== SOURCE MATERIAL ==

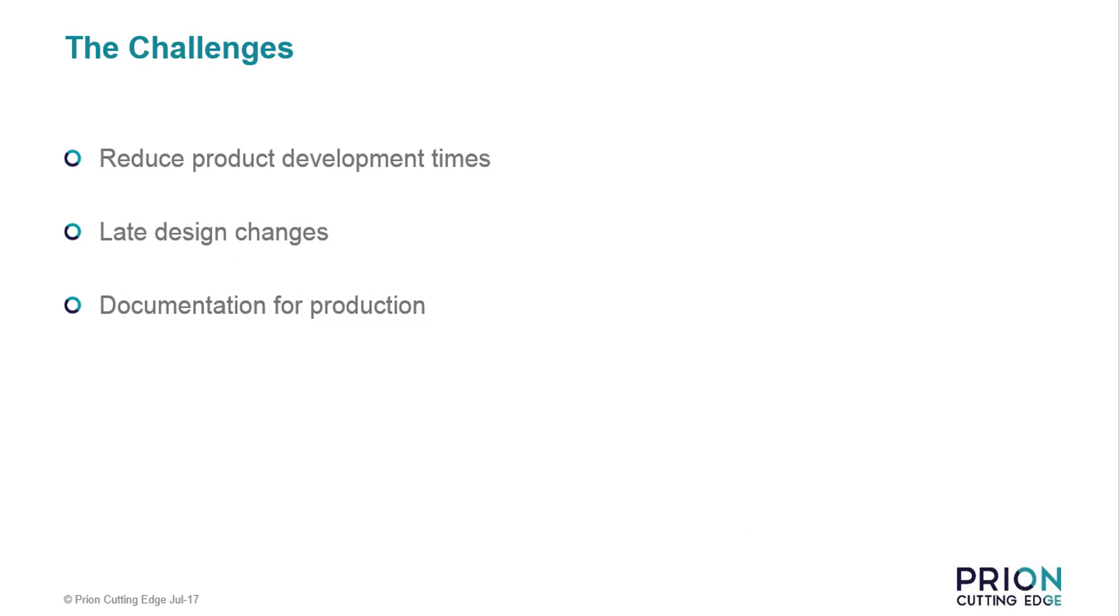The challenges industries face with sheet metal fabrication design is getting their products to market faster. This can be difficult when late design changes occur, often involving additional time spent reworking your model and re-creating production drawings.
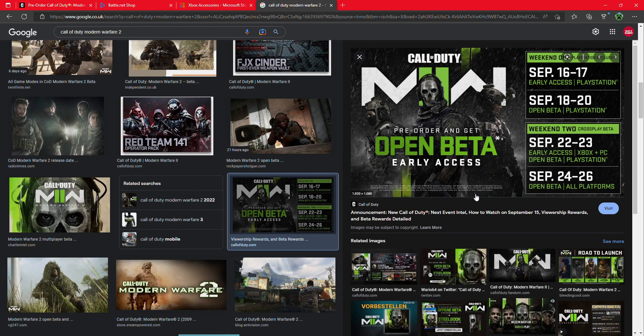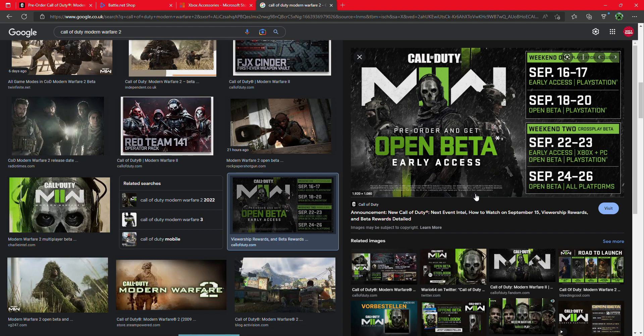Instead, you can get it that way. So yeah, early access is now available on those two versions if you have gotten them. That's where you can get them.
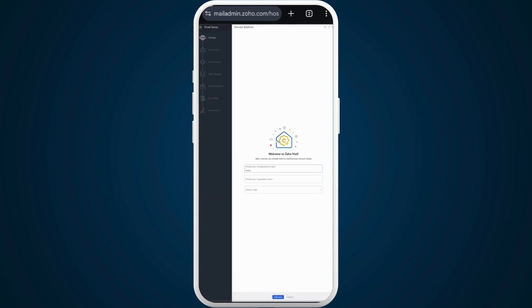After you provide all this information, tap the add now button at the bottom. That's how you can easily verify your domain name in Zoho mail.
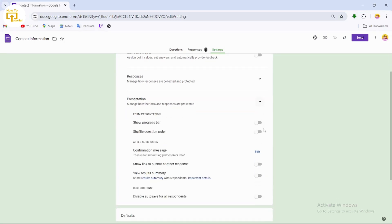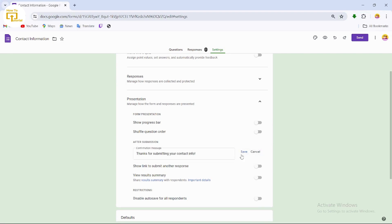After tapping on presentation, now what you can do is here you will find this option which is confirmation message. So you just have to tap on edit. After tapping on edit, now you can just simply enter a confirmation message.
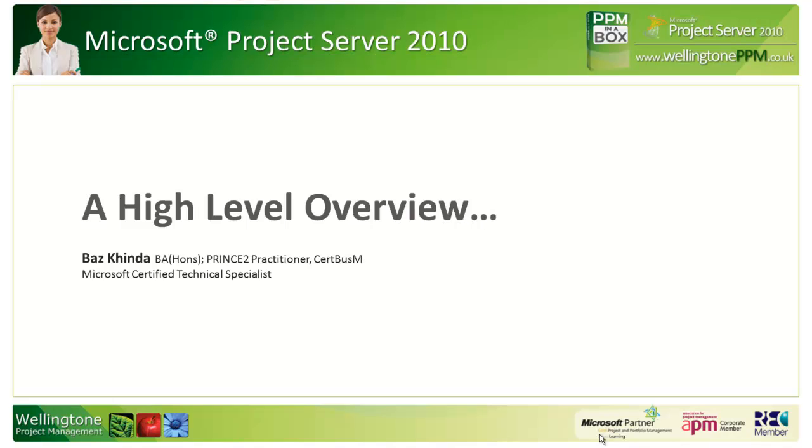Hi, my name is Baz Kinder and I'm from Wellington PPM. We're Microsoft Gold Partners specializing in project and portfolio management, and we've also got a silver competency in learning. Today I'll be providing a high-level overview of Microsoft Project Server 2010.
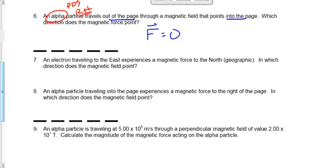Question 8: an alpha particle traveling into the page — it's a positive particle, right-hand rule. It experiences a magnetic force to the right of the page. We need to find which direction the field points. The page is our frame of reference, not north/south/east/west. We're rearranging the hand rule because we're trying to find the direction of the field, not the force. Right thumb into the page, palm towards the right side of the page.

== PROMPT ==
Make an exact copy of every entry above, but keep the pictures out of it.

== EXERCISE ANSWER ==
The challenges industries face with sheet metal fabrication design is getting their products to market faster. This can be difficult when late design changes occur, often involving additional time spent reworking your model and re-creating production drawings.
Instead, you can get it that way. So yeah, early access is now available on those two versions if you have gotten them. That's where you can get them.
After you provide all this information, tap the add now button at the bottom. That's how you can easily verify your domain name in Zoho mail.
After tapping on presentation, now what you can do is here you will find this option which is confirmation message. So you just have to tap on edit. After tapping on edit, now you can just simply enter a confirmation message.
Hi, my name is Baz Kinder and I'm from Wellington PPM. We're Microsoft Gold Partners specializing in project and portfolio management, and we've also got a silver competency in learning. Today I'll be providing a high-level overview of Microsoft Project Server 2010.
Question 8: an alpha particle traveling into the page — it's a positive particle, right-hand rule. It experiences a magnetic force to the right of the page. We need to find which direction the field points. The page is our frame of reference, not north/south/east/west. We're rearranging the hand rule because we're trying to find the direction of the field, not the force. Right thumb into the page, palm towards the right side of the page.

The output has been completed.